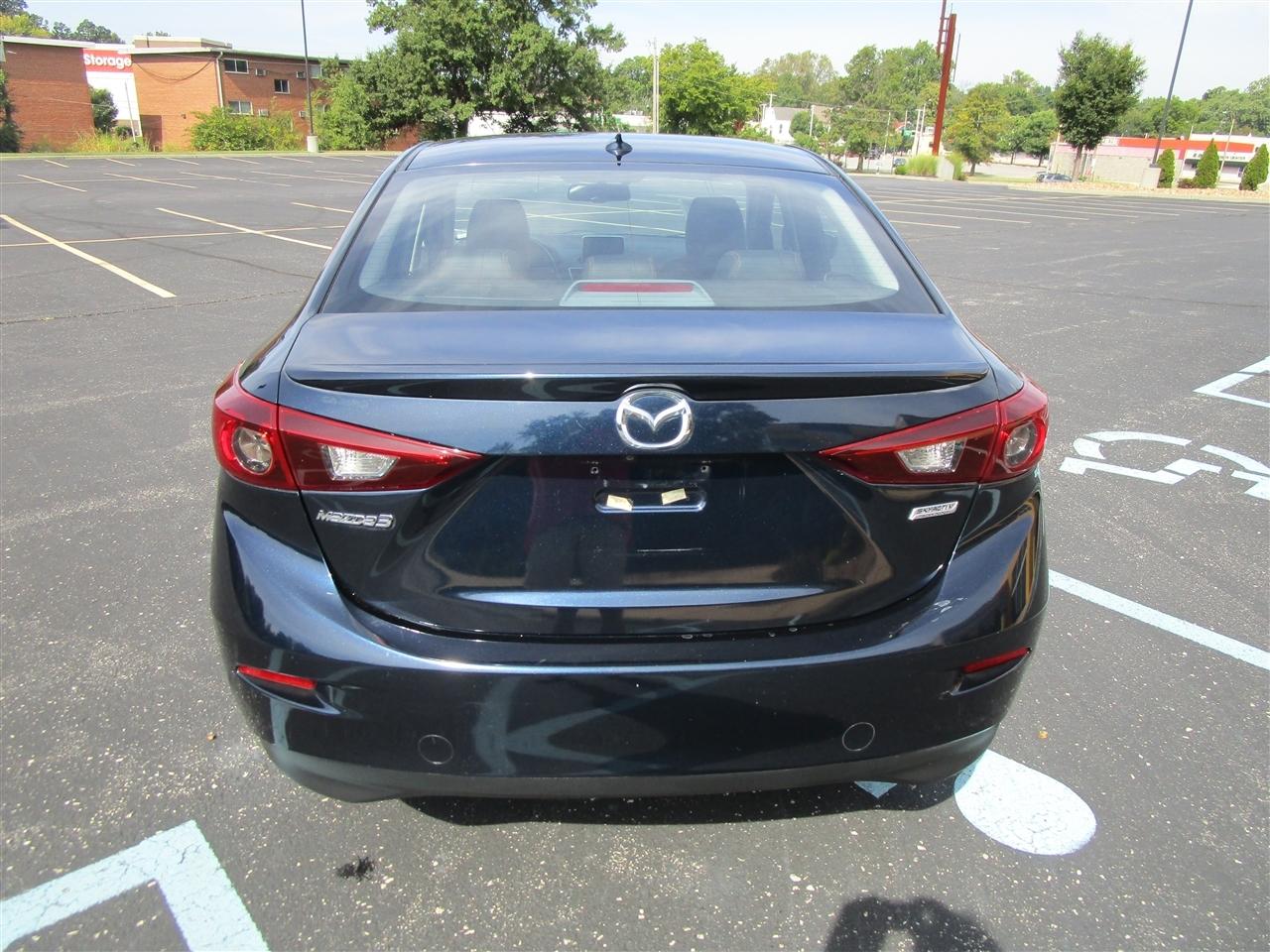 Mazda MAZDA3 i SE AT 4-Door 2016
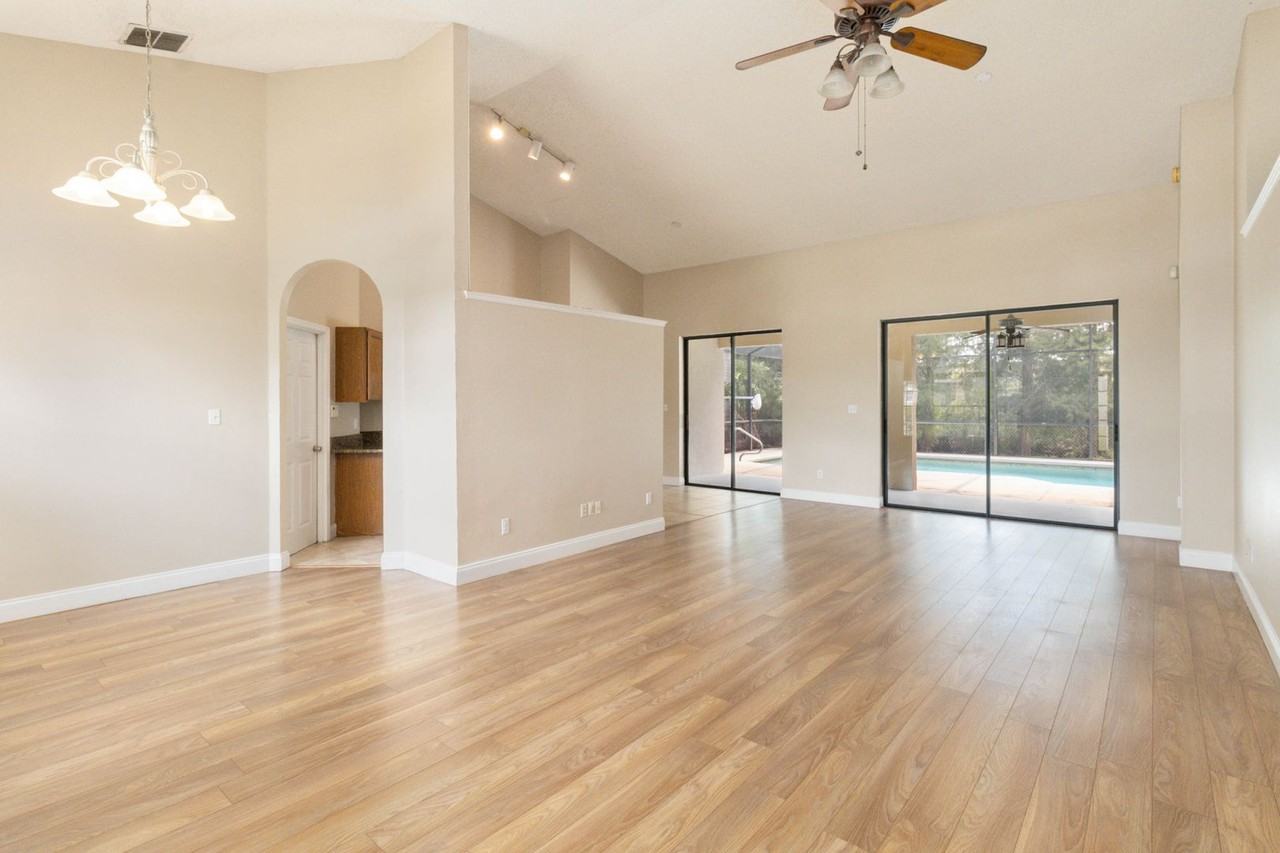 3913 Blackberry Cir - Photo 4 of 43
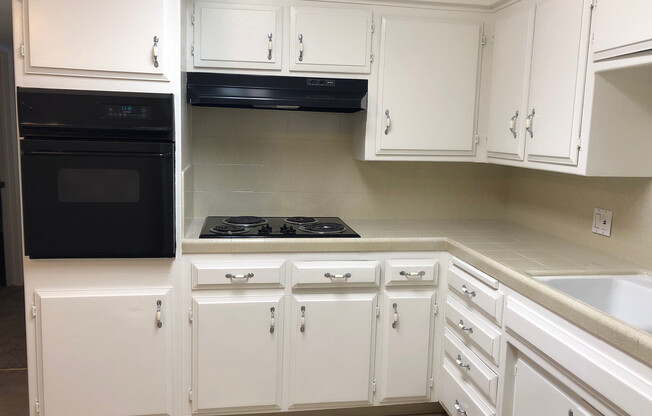 2 beds, 1.5 baths, 1,047 sqft, $1,575, Unit 5401C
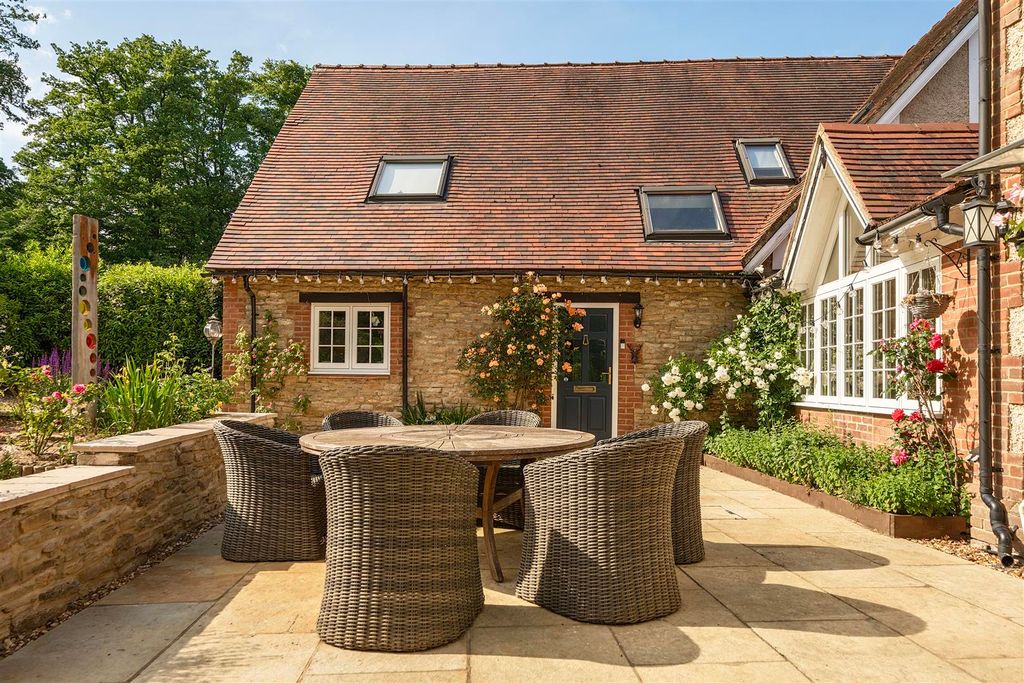 Property photo 3 of 26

============

→ WHAT YOU ARE ASKED TO DO:
Write out exactly, and only, the lines from the line holding "2 beds, 1.5" through the end of the data, inclusive, without any pictures.

→ TASK OUTPUT:
 2 beds, 1.5 baths, 1,047 sqft, $1,575, Unit 5401C
 Property photo 3 of 26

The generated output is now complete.